Data to process:
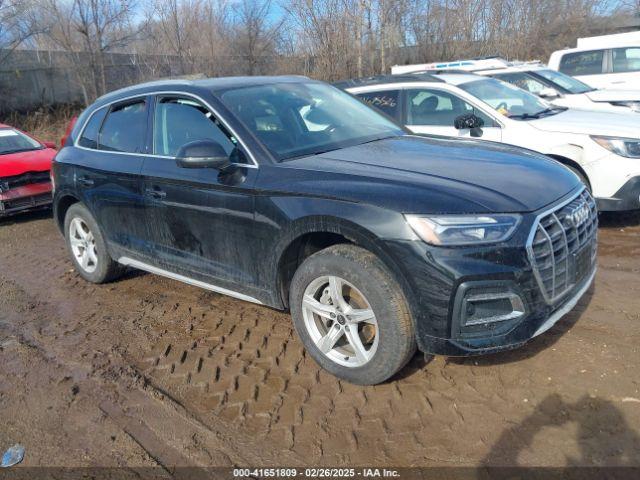  Salvage Audi Q5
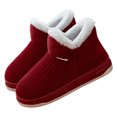 thumbnail image 2 of House Booties Bootie Pantuflas Mujer Hombre Suela Antideslizante para Interior Y Exterior, 2 of 9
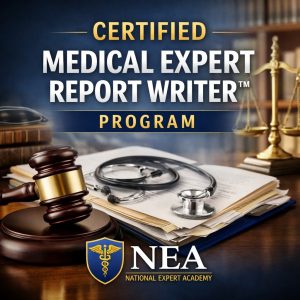 Medical Expert Witness Training Course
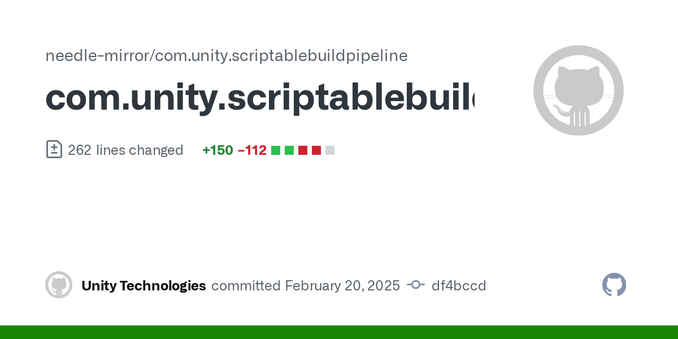 ## [2.3.8] - 2025-02-20
- Fixed serialization tests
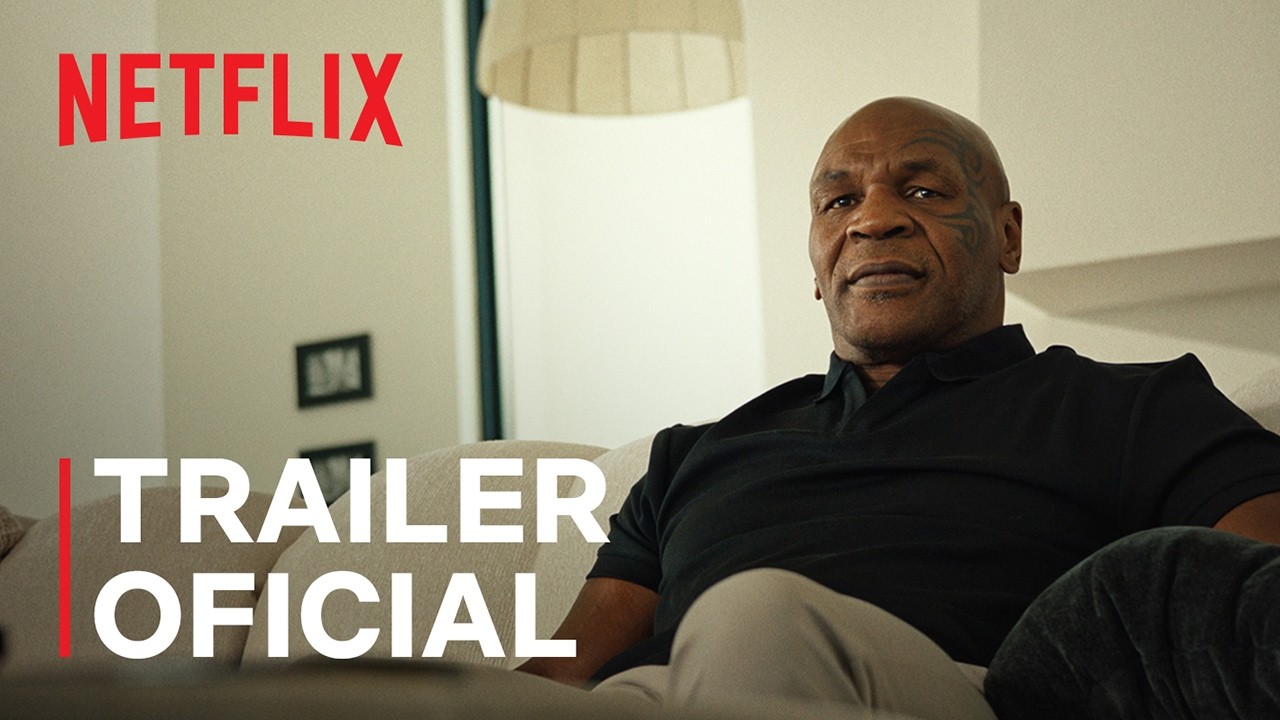 TYSON | Trailer oficial | Netflix
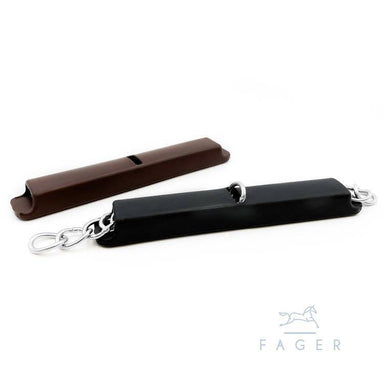 Fager Curb Chain Guard - Equine Exchange Tack Shop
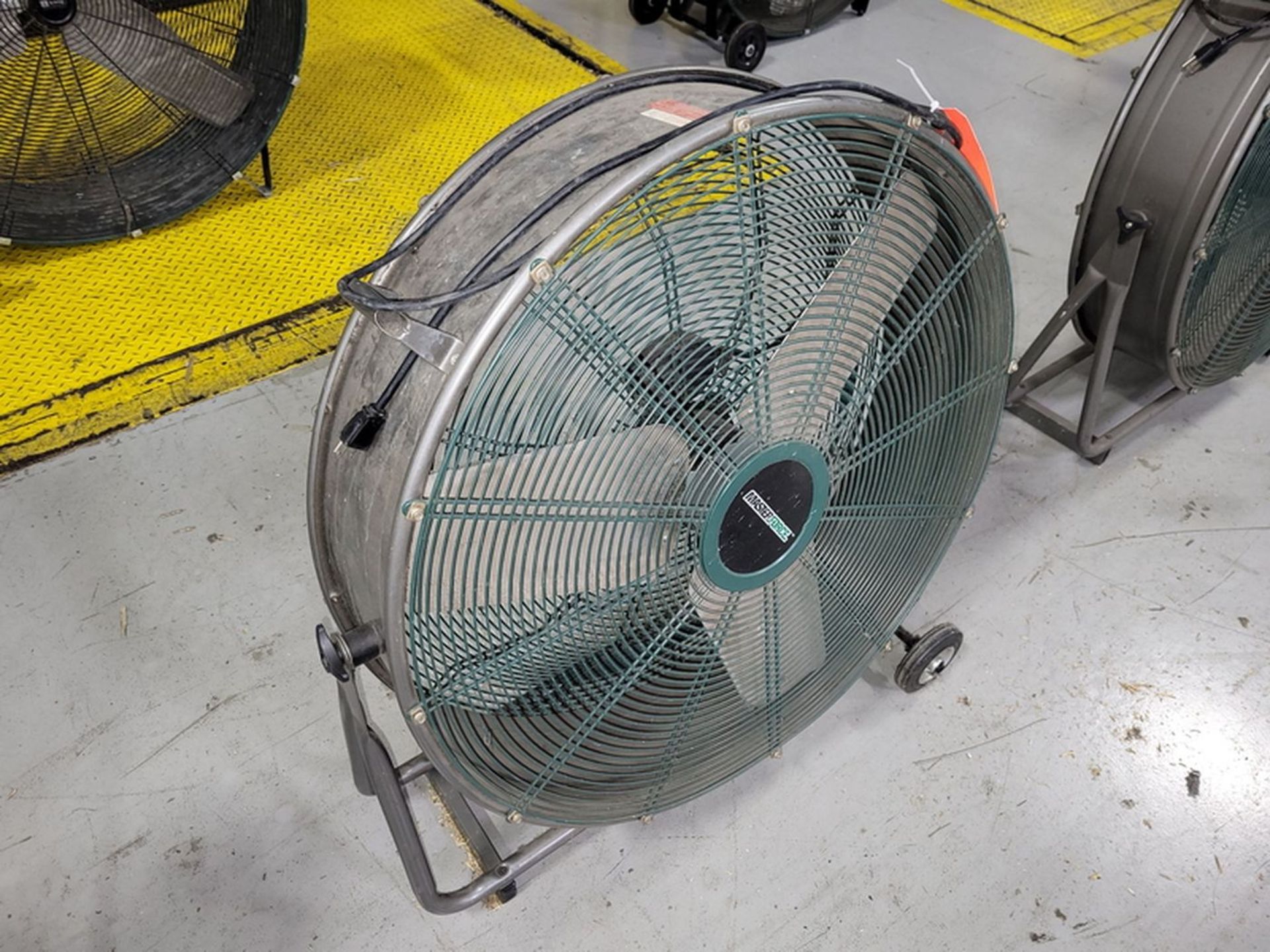 MasterForce 30 in. Portable Shop Fan; - Image 2 of 2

What you need to do: Wherever a picture appears in the material above, skip it and copy the rest without change.

Task answer:
  Salvage Audi Q5
 thumbnail image 2 of House Booties Bootie Pantuflas Mujer Hombre Suela Antideslizante para Interior Y Exterior, 2 of 9
 Medical Expert Witness Training Course
 ## [2.3.8] - 2025-02-20
- Fixed serialization tests
 TYSON | Trailer oficial | Netflix
 Fager Curb Chain Guard - Equine Exchange Tack Shop
 MasterForce 30 in. Portable Shop Fan; - Image 2 of 2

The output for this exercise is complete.